The lecturer, heedless of statistical data on gender violence, says that feminicides are in sharp decline, and, that, apparently, information and awareness works are bringing about a marked change. 

A change so stark that you count a feminicide every three days, a change so stark that for this psychologist it would be enough to just communicate, just shut down relationships and stop answering phone calls.

What do we ask?

With this occupation, we have one main demand to make of the governance of our university: the assumption of political responsibility in recognizing incidents of harassment and discrimination within the university and the effective taking charge of their management by involving us and recognizing a leading role in responding to these forms of violence.
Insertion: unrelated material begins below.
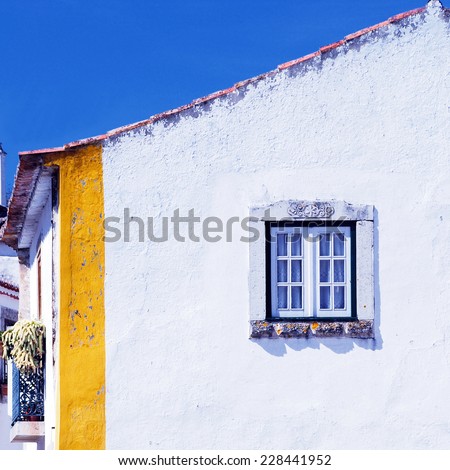 white wall and window in medieval european house, Obidos, Portugal, square image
We expect that in light of the 55 cases of complaint last year and the many more that are still being invisibilitized, as the current management does not make us feel safe to expose ourselves, the university will make itself available to listen to us and reason with us on how to deal with this. The CUG is not enough, the trusted advisor is insufficient, "censorship" is not an adequate response to faculty harassment, as in the case of the cultural heritage lecturer who came to light a few days ago, we do not need stopgap answers, and we do not need proposals that come from above and do not listen to our real needs. We want UniPd to turn off the spotlight on the false rhetoric of inclusion and cede sovereignty and prominence to the grassroots and independent experiences that hundreds of students are processing. We want listening, self-criticism and provision on the part of the university. 

This occupation is not the last one and it’s definitely not the end, it is only a first step, because if nothing changes, as we promised: we will take everything.

This occupation wants to be a space as open as possible to confrontation, criticism, and different sensibilities. Above all, we want it to be as safe a space as possible, where safety is not done by the police, but by building relationships with each other and if necessary collective self-defense practices. Even if you have never come to an assembly, this space is yours too, always prioritizing collective care, respect and listening to each other. We want to create spaces of sisterhood and organizing, every new idea is viable, every horizon is attainable, if we get together to build it!